## EXERCISE INSTRUCTIONS
Would you please return the lines of the entries below starting at the line that has "Pedras preciosas de" and ending at the line that has "0.47 CTW Marquise", both included, exactly as they are?

(Items listed in a dataset)
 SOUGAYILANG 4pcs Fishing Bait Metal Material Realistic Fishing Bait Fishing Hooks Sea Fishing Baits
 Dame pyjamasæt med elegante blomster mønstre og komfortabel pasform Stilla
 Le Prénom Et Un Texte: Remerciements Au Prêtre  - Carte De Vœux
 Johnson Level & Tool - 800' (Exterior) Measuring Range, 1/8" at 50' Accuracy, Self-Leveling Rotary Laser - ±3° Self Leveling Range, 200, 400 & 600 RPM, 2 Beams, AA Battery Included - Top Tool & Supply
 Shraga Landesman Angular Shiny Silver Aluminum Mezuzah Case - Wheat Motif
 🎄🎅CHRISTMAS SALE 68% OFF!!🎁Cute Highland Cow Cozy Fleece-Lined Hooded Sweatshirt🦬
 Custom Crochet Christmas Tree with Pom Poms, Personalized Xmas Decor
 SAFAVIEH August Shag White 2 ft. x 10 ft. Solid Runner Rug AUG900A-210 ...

* * *

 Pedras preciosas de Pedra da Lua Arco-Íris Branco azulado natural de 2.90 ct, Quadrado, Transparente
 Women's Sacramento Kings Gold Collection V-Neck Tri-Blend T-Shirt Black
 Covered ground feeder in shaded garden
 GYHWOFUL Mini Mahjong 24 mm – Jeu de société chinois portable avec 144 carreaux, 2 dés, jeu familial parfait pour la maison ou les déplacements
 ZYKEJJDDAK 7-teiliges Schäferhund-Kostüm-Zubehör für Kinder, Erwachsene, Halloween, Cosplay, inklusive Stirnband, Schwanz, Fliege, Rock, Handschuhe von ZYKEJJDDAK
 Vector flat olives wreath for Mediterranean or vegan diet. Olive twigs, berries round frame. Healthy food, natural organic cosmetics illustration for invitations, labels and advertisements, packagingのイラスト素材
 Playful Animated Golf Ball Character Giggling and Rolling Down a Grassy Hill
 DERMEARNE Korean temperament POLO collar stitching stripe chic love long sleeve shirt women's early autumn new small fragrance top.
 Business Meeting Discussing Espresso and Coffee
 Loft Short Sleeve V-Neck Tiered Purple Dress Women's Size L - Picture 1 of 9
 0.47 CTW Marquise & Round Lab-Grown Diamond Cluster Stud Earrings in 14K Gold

--

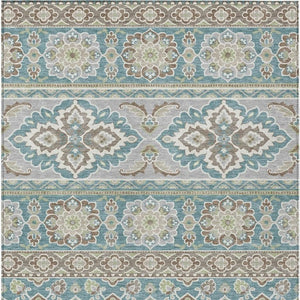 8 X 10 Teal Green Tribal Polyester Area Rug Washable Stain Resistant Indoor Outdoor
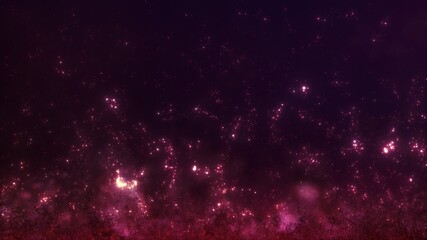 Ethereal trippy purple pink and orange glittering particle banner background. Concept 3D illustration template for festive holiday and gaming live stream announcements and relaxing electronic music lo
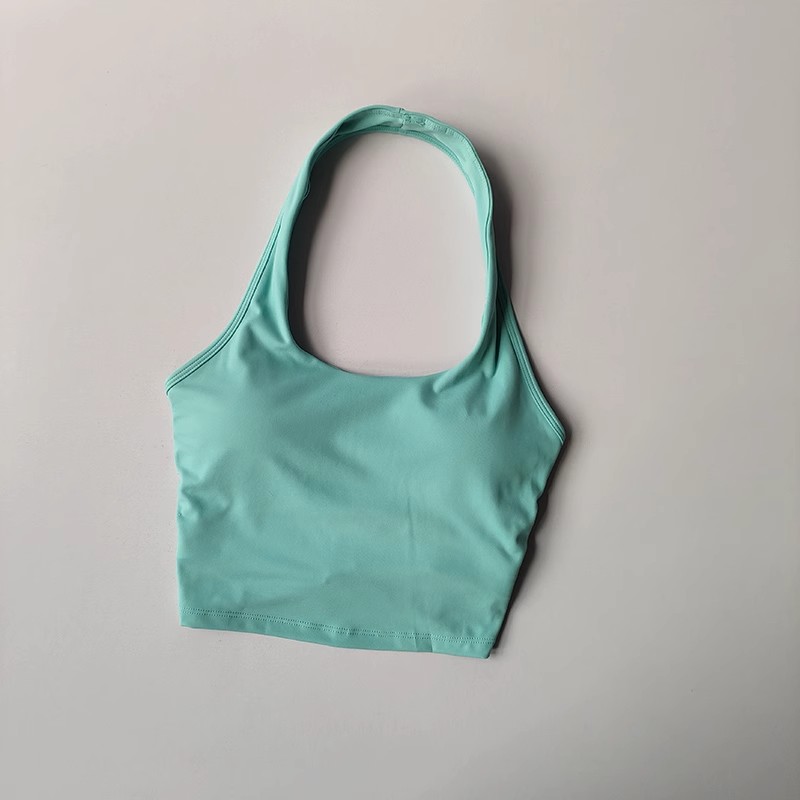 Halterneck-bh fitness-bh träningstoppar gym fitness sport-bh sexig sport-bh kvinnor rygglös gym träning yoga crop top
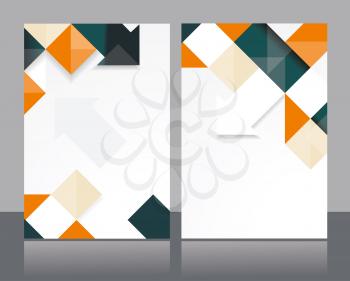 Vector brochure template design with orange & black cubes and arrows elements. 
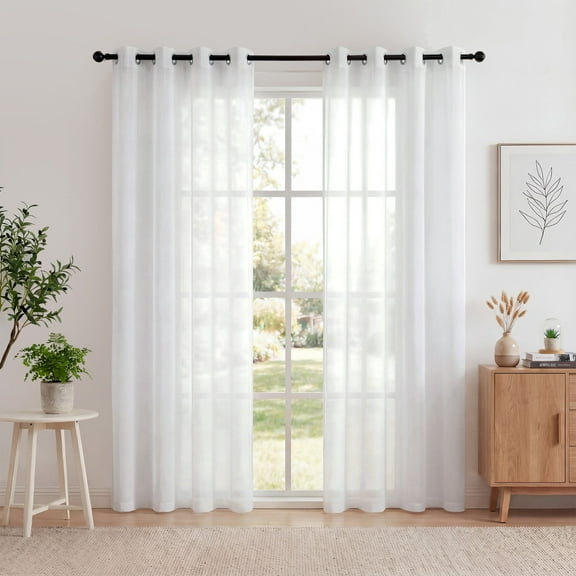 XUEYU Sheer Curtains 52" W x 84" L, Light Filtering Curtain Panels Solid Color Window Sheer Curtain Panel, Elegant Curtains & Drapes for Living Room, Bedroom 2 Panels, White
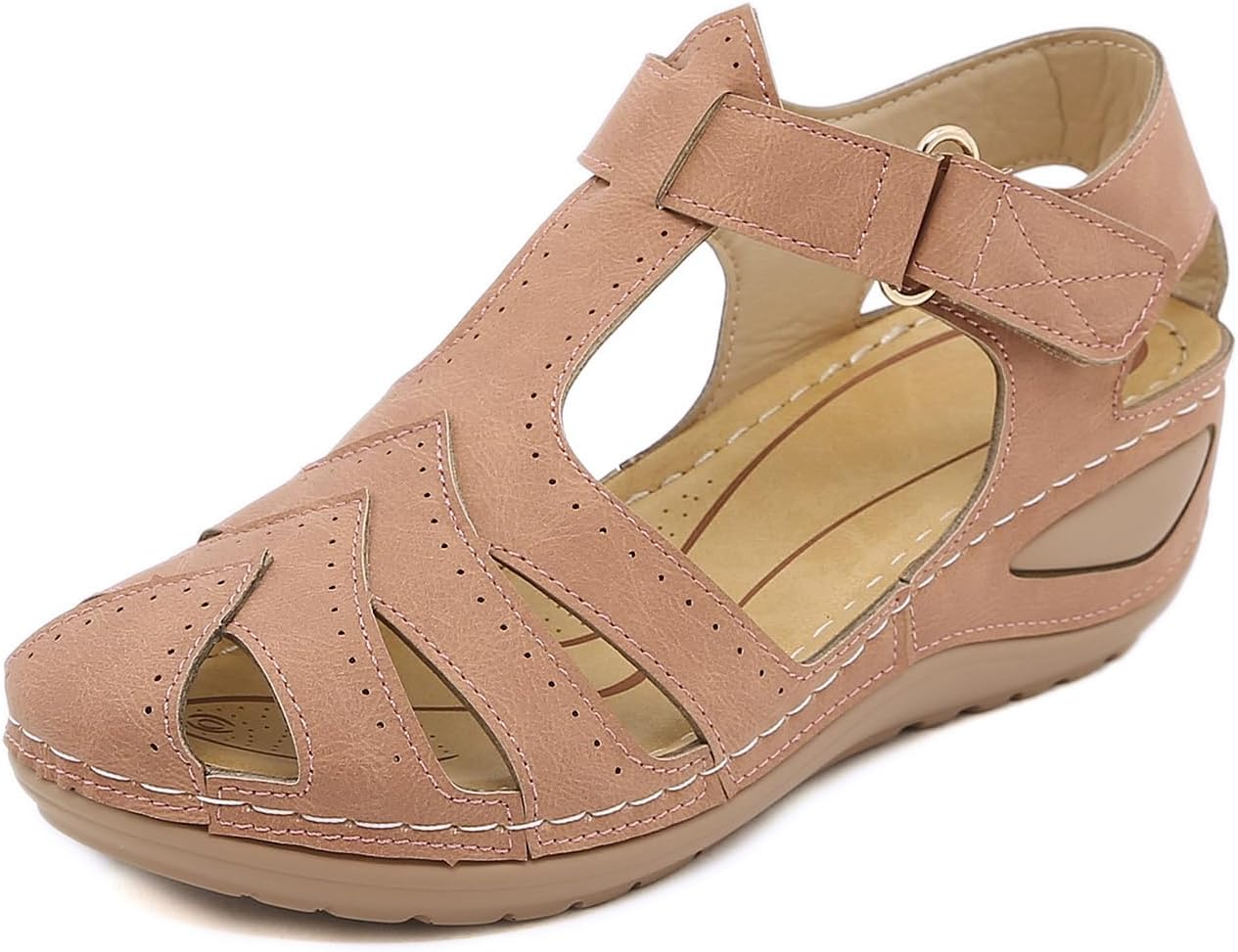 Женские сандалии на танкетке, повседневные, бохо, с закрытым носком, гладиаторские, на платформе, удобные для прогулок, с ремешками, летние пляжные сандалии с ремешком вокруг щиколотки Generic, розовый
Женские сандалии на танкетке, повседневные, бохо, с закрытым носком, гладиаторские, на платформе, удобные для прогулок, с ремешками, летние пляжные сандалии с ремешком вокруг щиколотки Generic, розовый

## WRITTEN REPLY
 Pedras preciosas de Pedra da Lua Arco-Íris Branco azulado natural de 2.90 ct, Quadrado, Transparente
 Women's Sacramento Kings Gold Collection V-Neck Tri-Blend T-Shirt Black
 Covered ground feeder in shaded garden
 GYHWOFUL Mini Mahjong 24 mm – Jeu de société chinois portable avec 144 carreaux, 2 dés, jeu familial parfait pour la maison ou les déplacements
 ZYKEJJDDAK 7-teiliges Schäferhund-Kostüm-Zubehör für Kinder, Erwachsene, Halloween, Cosplay, inklusive Stirnband, Schwanz, Fliege, Rock, Handschuhe von ZYKEJJDDAK
 Vector flat olives wreath for Mediterranean or vegan diet. Olive twigs, berries round frame. Healthy food, natural organic cosmetics illustration for invitations, labels and advertisements, packagingのイラスト素材
 Playful Animated Golf Ball Character Giggling and Rolling Down a Grassy Hill
 DERMEARNE Korean temperament POLO collar stitching stripe chic love long sleeve shirt women's early autumn new small fragrance top.
 Business Meeting Discussing Espresso and Coffee
 Loft Short Sleeve V-Neck Tiered Purple Dress Women's Size L - Picture 1 of 9
 0.47 CTW Marquise & Round Lab-Grown Diamond Cluster Stud Earrings in 14K Gold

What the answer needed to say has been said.